The network trouble was accompanied by a series of System log event errors from MVSMP:
Port ‘SWITCHPORT-SM-F277C685-E5F8-490D-8CD1-913B854FABD2-0-1′ was prevented from using MAC address ‘00-15-C5-7E-EB-39′ because it is pinned to port ‘SWITCHPORT-SM-F277C6′.The only coverage I could find on similar topics suggested it might be a MAC conflict or a problem with the physical switch at the end of the wire.
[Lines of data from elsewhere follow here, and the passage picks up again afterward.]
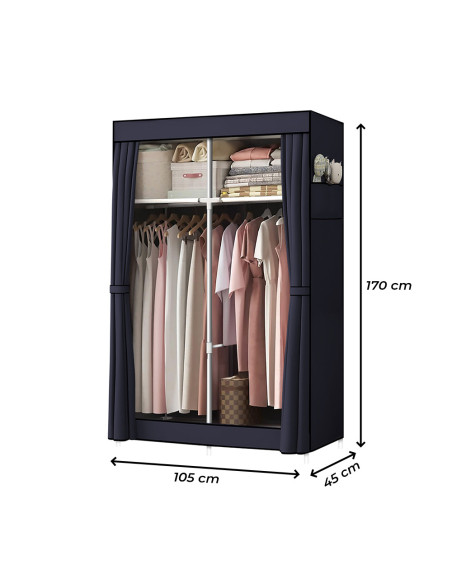 Armoire en Tissu 2 Portes avec Étagères et Barre à Vêtements, Idéale Camping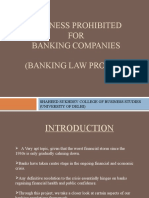 Business Prohibited For Indian Banking Companies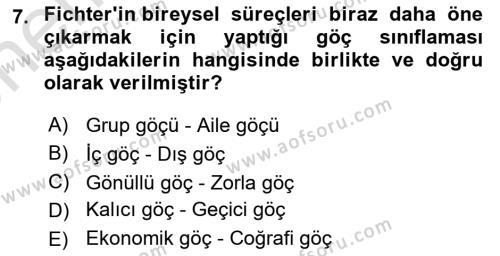 Kent Sosyolojisi Dersi 2021 - 2022 Yılı (Vize) Ara Sınavı 7. Soru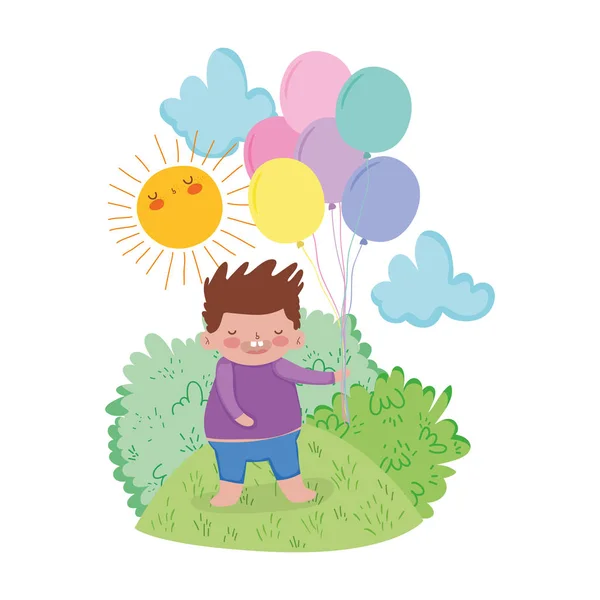 Pequeño gordito chico con globos helio en el paisaje — Vector de stock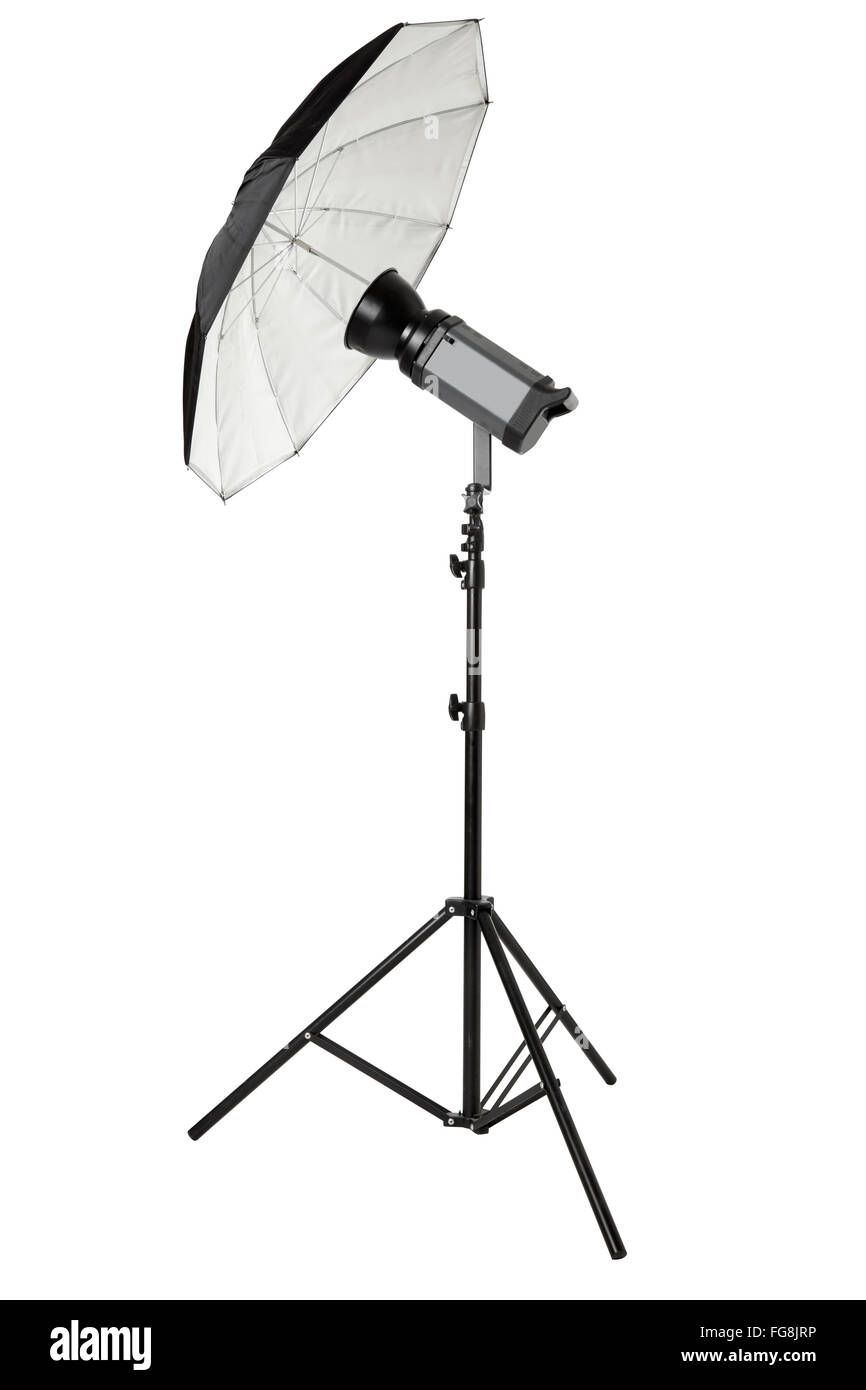 Studio flash with umbrella and stand on white, clipping path Stock Photo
- Disable the ICS connection in any running guest VMs
- Disable ICS in the host
- Delete the external network in Hyper-V Manager
- Uninstall the host’s physical NIC in Device Manager
- Scan for new devices
- Add a new External Network using the newly reinstalled device, called Hyper-V External Network in Virtual Network Manager
- Rename the Local Area Connection in the host to Virtual Network Switch
- Rename the new Local Area Connection for the host’s external network connection to Host External Network Connection
- Share ICS from the Host External Network Connection to the Host ICS Network Connection
- Re-enable the ICS adapter in the running guest VMs
- Confirm that the System event log errors are resolved and that the connection appears to be stable
This has only happened two or three times in a number of deployments of this build. If it arises consistently it will be worth tracking MAC address allocation throughout this process, as the host external connection will change from the old conflicting MAC to the physical MAC when the adapter is reinstalled to a new MAC when the NIC is given to Hyper-V again. One assumes that if a new MAC is not generated the problem will persist, based on that error message.